(Given information)
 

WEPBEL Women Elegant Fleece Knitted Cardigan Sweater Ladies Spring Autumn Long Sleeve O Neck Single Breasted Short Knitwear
...
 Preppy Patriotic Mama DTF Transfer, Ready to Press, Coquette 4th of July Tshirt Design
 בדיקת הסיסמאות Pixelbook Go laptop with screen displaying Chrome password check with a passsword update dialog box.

(Problem to solve) Go to the line with "Preppy Patriotic Mama" in the entries above and repeat every line from there through the line with "בדיקת הסיסמאות Pixelbook", exactly and with no other text.

(Result of the exercise)
 Preppy Patriotic Mama DTF Transfer, Ready to Press, Coquette 4th of July Tshirt Design
 בדיקת הסיסמאות Pixelbook Go laptop with screen displaying Chrome password check with a passsword update dialog box.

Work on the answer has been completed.